= PROVIDED MATERIAL =
-*-*-

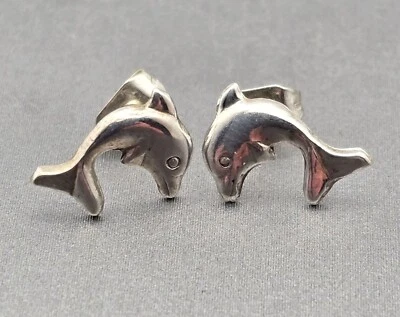 Aretes de plata esterlina 925 de colección con delfines joyería animal océano playa Foto 1 de 4
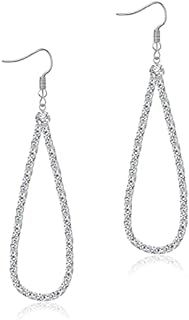 French Wire Back Long Silver Rhinestone Drop Earrings for Women - Teardrop Design, Wedding/Bridal Jewelry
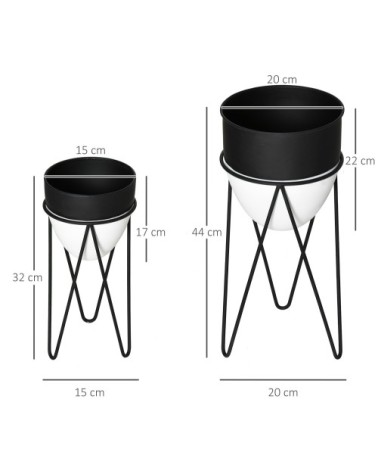 Supports de pots de fleurs design - lot de 2 métal époxy noir blanc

-*-*-

= EXERCISE DIRECTIONS =
Retype the listing exactly. Leave out its pictures.

= YOUR SOLUTION =
 Aretes de plata esterlina 925 de colección con delfines joyería animal océano playa Foto 1 de 4
 French Wire Back Long Silver Rhinestone Drop Earrings for Women - Teardrop Design, Wedding/Bridal Jewelry
 Supports de pots de fleurs design - lot de 2 métal époxy noir blanc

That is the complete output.